Sicuramente nessuno al mondo aveva la necessità di un’app per fotoritoccare un “selfie” in chiave kawaii, ma dal suo lancio sul mercato, Meitu ha colmato questo inesistente bisogno: abbinando funzioni di riconoscimento facciale all’applicazione di particolari filtri, permette di trasformare esteticamente il protagonista di un autoritratto da smartphone, spesso rendendolo simile ad un personaggio di fumetti e cartoni animati giapponesi.

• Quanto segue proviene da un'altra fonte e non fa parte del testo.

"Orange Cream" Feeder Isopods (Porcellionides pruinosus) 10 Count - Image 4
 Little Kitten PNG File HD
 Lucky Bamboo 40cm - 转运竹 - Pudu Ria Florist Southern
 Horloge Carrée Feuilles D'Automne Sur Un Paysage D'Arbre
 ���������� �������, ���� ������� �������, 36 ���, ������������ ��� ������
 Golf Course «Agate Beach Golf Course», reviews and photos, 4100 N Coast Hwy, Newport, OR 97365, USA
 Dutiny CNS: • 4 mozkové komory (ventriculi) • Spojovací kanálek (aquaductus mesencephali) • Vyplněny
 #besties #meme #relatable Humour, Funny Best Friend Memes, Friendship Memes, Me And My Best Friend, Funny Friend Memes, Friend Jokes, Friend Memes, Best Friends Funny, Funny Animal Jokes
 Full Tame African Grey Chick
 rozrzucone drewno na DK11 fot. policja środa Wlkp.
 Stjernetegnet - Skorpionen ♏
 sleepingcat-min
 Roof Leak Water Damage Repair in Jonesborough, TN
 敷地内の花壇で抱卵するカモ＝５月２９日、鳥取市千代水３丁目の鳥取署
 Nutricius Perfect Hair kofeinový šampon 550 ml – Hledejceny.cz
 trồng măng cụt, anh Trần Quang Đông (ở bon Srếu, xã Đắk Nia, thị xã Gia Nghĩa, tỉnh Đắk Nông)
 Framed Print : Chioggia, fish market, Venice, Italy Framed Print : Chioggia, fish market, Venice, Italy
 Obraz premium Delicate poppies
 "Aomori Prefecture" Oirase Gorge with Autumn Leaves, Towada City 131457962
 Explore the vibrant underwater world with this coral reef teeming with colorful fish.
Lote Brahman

Problemino di sicurezza/privacy: l’app non dovrebbe far altro che sfruttare la fotocamera del dispositivo ed eventualmente accedere al la galleria delle immagini presenti, quindi – a rigor di logica – perché un utente Android, prima di installarla, dovrebbe concedere l’autorizzazione all’accesso alla cronologia dell’app e del dispositivo, alla posizione, alle informazioni sulla connessione WiFi, all’ID dispositivo e ai dati sulle chiamate? E perché ad un utente iOS, in più, la raccolta dati attuata dall’app include informazioni sulla compagnia telefonica e sull’eventuale jailbreak?
Le informazioni raccolte vengono sicuramente trasmesse, almeno a scopo di profilazione pubblicitaria, se non con altre finalità.